Thanks for that. So, is it best to first adjust the rears and then the new Armorskids? I wonder, what exactly is the rear skids protecting?


----------



## tabora

csonni said:


> Thanks for that. So, is it best to first adjust the rears and then the new Armorskids? I wonder, what exactly is the rear skids protecting?


They protect when you run the front of the bucket off an overhang... They keep things level until you reverse.


----------



## drmerdp

I like to keep the 4 points of contact. The machine glides really well over irregularities. The Honda’s are so structurally rigid, that the housing doesn’t flex to the contours of irregular pavement. In my case having 4 points of contact allows the machine to glide incredibly well over anything. The UHMW liner certainly helps as well.

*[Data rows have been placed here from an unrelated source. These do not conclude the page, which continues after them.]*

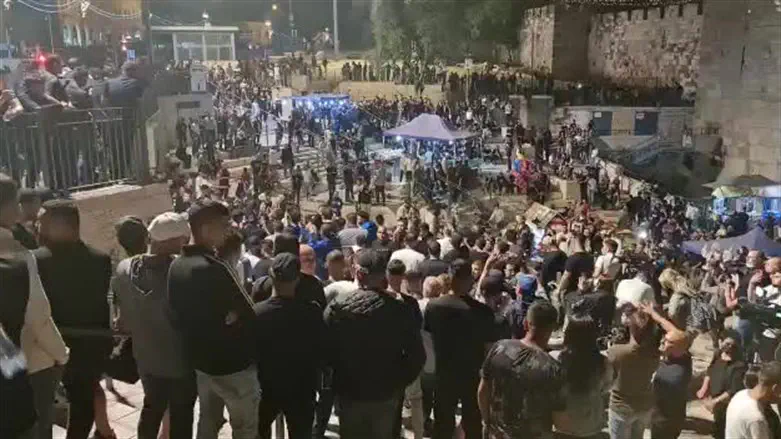 התפרעות ערבים בשער שכם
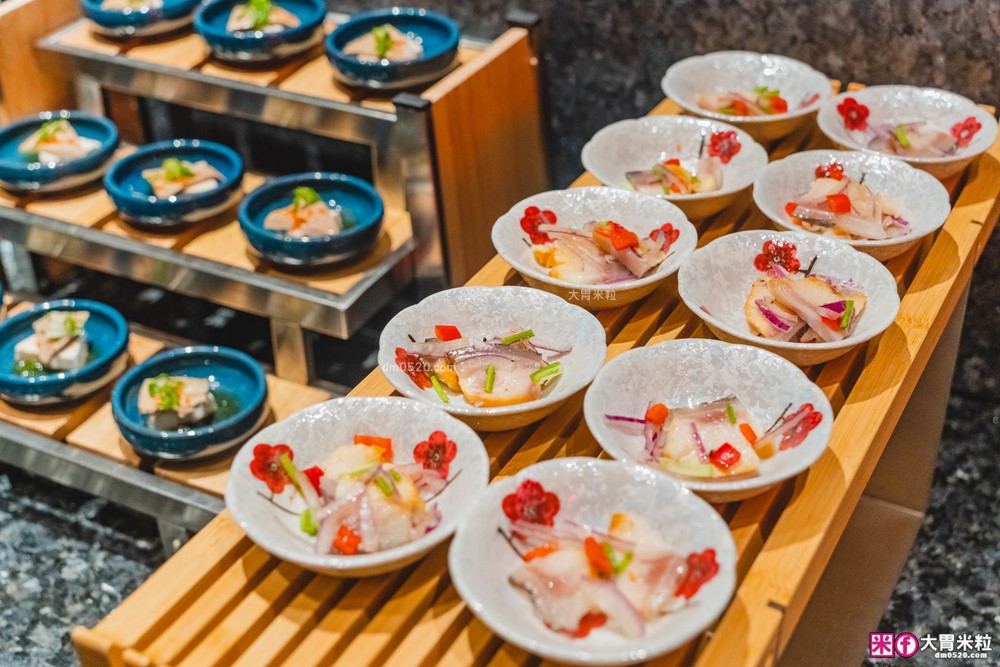 全台最難訂位Buffet登陸桃園│島語桃園台茂店菜單價位│9大主題島檯200道現做料理全攻略ｘ餐酒無限續│桃園Buffet吃到飽推薦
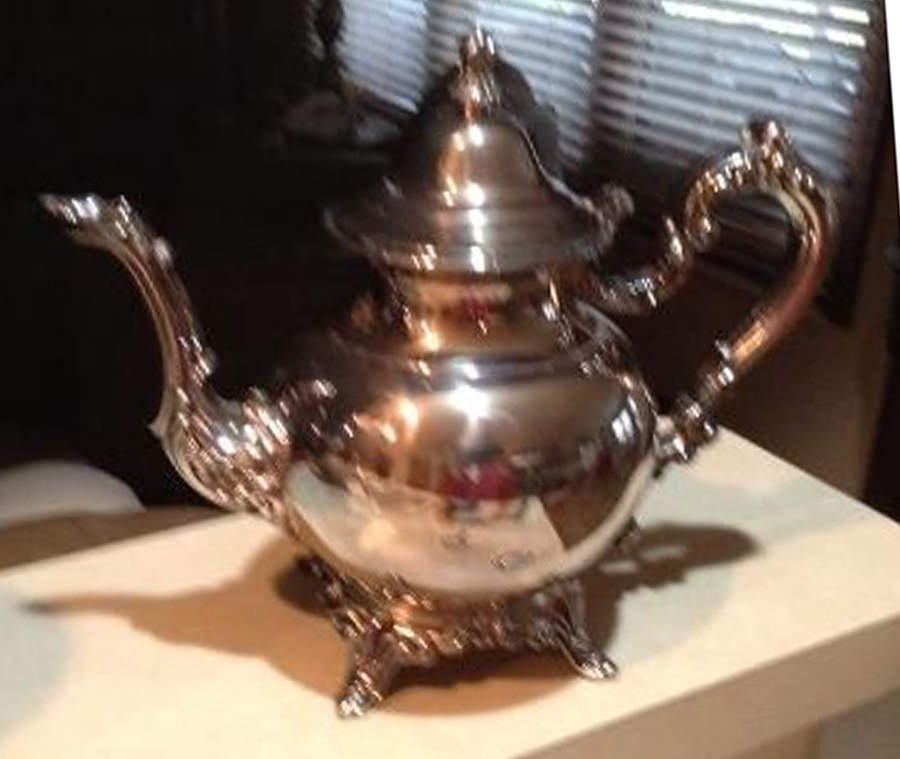 Bellfontaine (Silverplate, Hollowware) Teapot by Oneida Silver-1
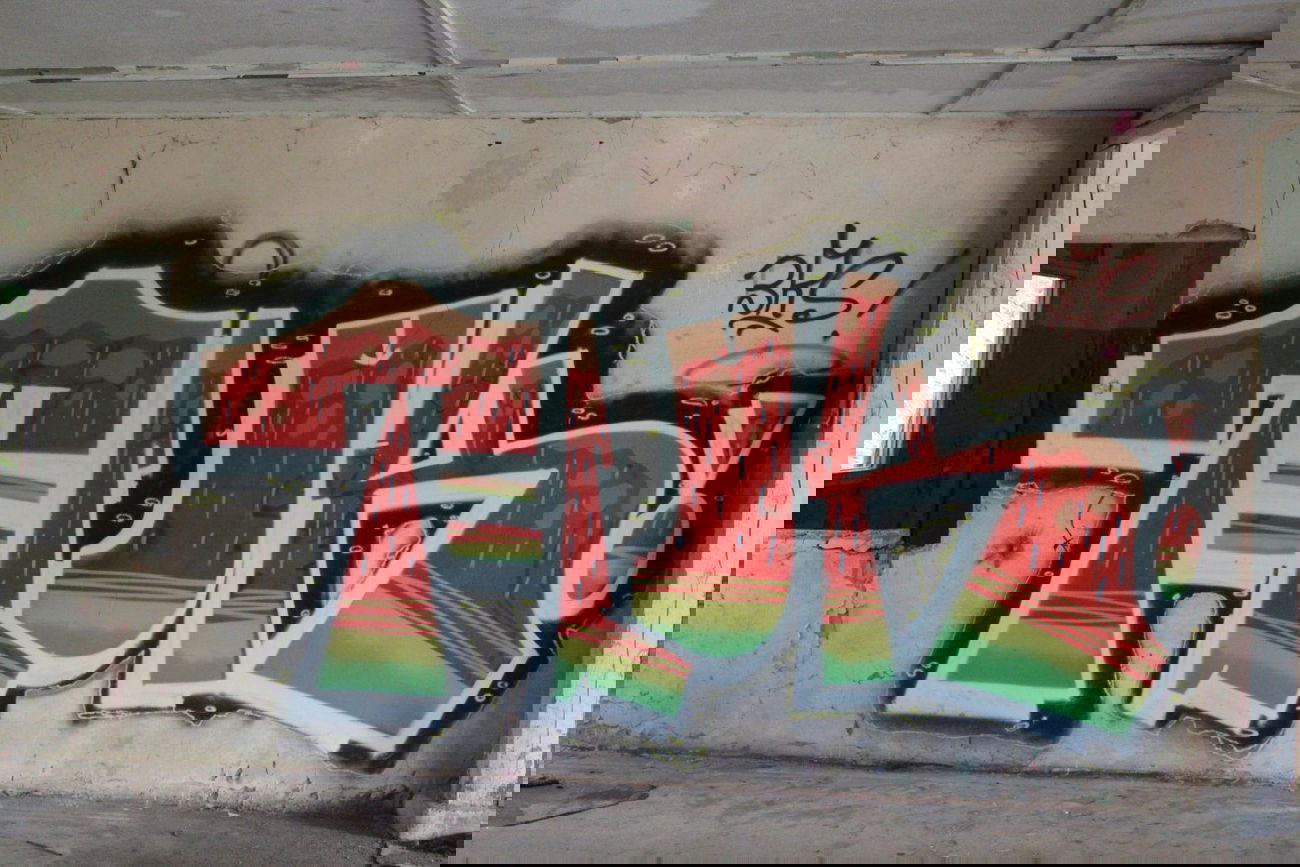 Graffiti Wall - Photo by OUSSCREW - TLUK.brs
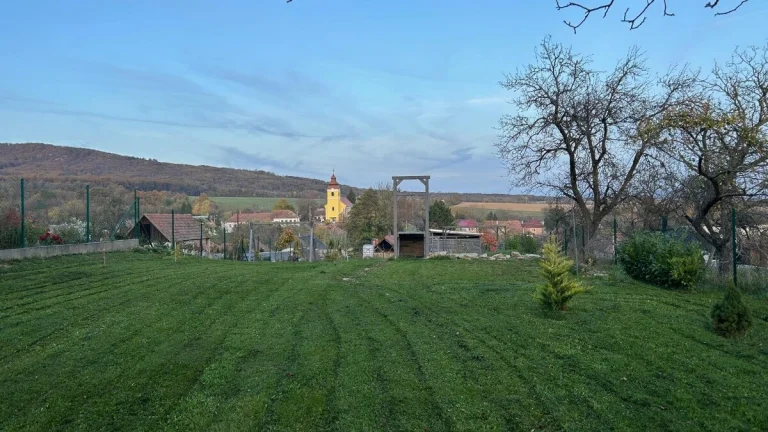 Ladice - krásny stavebný pozemok s malou chatkou 863 m2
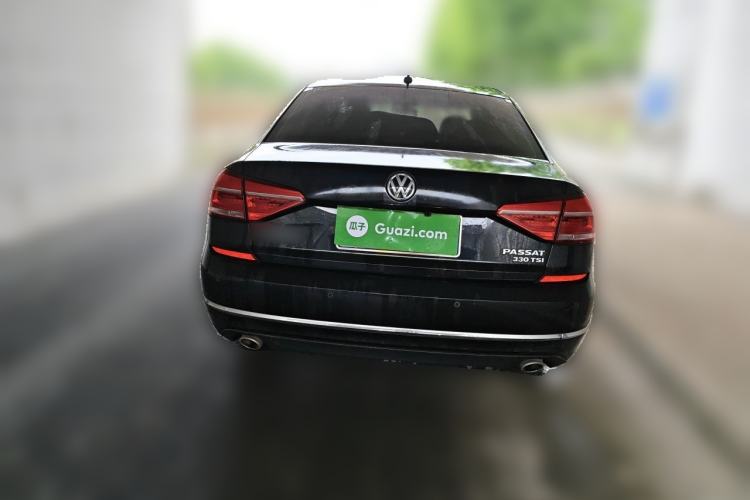 Used Volkswagen Passat 2017 330TSI DSG Luxury Edition Rear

Then when I do my back yard for the pup, I just drop my rear skids to my preferred height, then reset them again on my level garage floor. The armor skid stay locked.


----------



## csonni

I found with the wide part in the front, it tends to climb as you’re going onto snow, so I switched them around which improved. I have them raised up all the way and the scraper bar seems to be quite a bit off the ground. I suppose I could lower the scraper a bit


----------



## gibbs296

Need a new set of skids for my old Toro 524. I should be able to make a set of these at work next week on my lunch break. You Honda guys...love ya...but the money you spend is entertaining.


----------



## csonni

Code:







gibbs296 said:


> Need a new set of skids for my old Toro 524. I should be able to make a set of these at work next week on my lunch break. You Honda guys...love ya...but the money you spend is entertaining.


I think I can justify my purchase with the amount of snow we get here in Labrador. 360 cm (12feet) and counting. Funny thing. I put my hands on a Yardman yesterday selling for $2299 and I must say I wouldn’t pay more than $500 for it. Now mind you, I suppose the Ariens are better quality but when all you’ve got to choose between is Yardman, Yamaha and Honda..... Another consideration is resale. I sold my 27 year old Honda for $1100 to buy my new one just after Christmas.


----------



## Freddy Ford

gibbs296 said:


> Need a new set of skids for my old Toro 524. I should be able to make a set of these at work next week on my lunch break. You Honda guys...love ya..._but the money you spend is entertaining_.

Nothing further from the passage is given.